P.M.: Gli attori, con la loro valida interpretazione, sembrano aver superato ogni tipo di “frontiera”, qualsivoglia limite che potesse fungere da impedimento a una naturale comunicazione del messaggio al pubblico. Che tipo di lavoro è stato messo in atto per arrivare a questi risultati?

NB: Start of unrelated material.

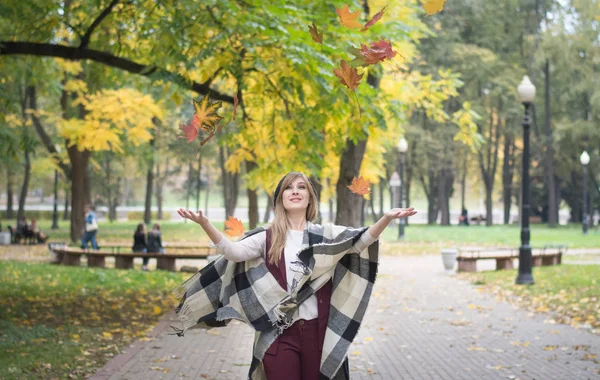 Femme jetant des feuilles d'automne sur le parc — Photo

R.dT.: Gli interpreti non sono proletari sudamericani, è un fatto dal quale non si può prescindere a meno di non cadere in un velleitario sforzo di riproduzione. Gli attori non possono fare tutto, possono fare ed esprimere ciò che è loro affine, ciò di cui sanno qualcosa. Nel lavoro di ricerca e d’improvvisazione ho fatto ricorso al precetto guida di Vakhtangov, il miglior allievo di Stanislavkij. “Creare senza essere sé stessi è impossibile”.

Insegno con continuità dal ’91 e non ho ancora trovato nessuno che lo possa smentire.

P.M.: Il titolo dell’opera rimanda a una riflessione generica sulla condizione della donna. Qual è il suo pensiero in proposito?

R.dT.: E’ molto difficile esprimersi su un tema così ampio, dovrei sapere cosa accade alle donne in Uzbekistan, o nei quartieri poveri di Caracas, nelle città cinesi che lievitano ogni anno a suon di milioni di persone. Non è solo questione di generalizzare. La mia impressione è tutta raccolta in una favola che viene citata nello spettacolo. La favola della Bella e la Bestia. La Bella lascia la sua casa, lascia tutto per andare a incontrare l’uomo della sua vita. Poi si accorge che non trasformerà mai la Bestia in un principe. Le donne danno alla luce gli uomini. Se gli uomini crescono o non crescono, se gli uomini tradiscono i principi della vita c’è anche una parte di responsabilità nelle loro madri.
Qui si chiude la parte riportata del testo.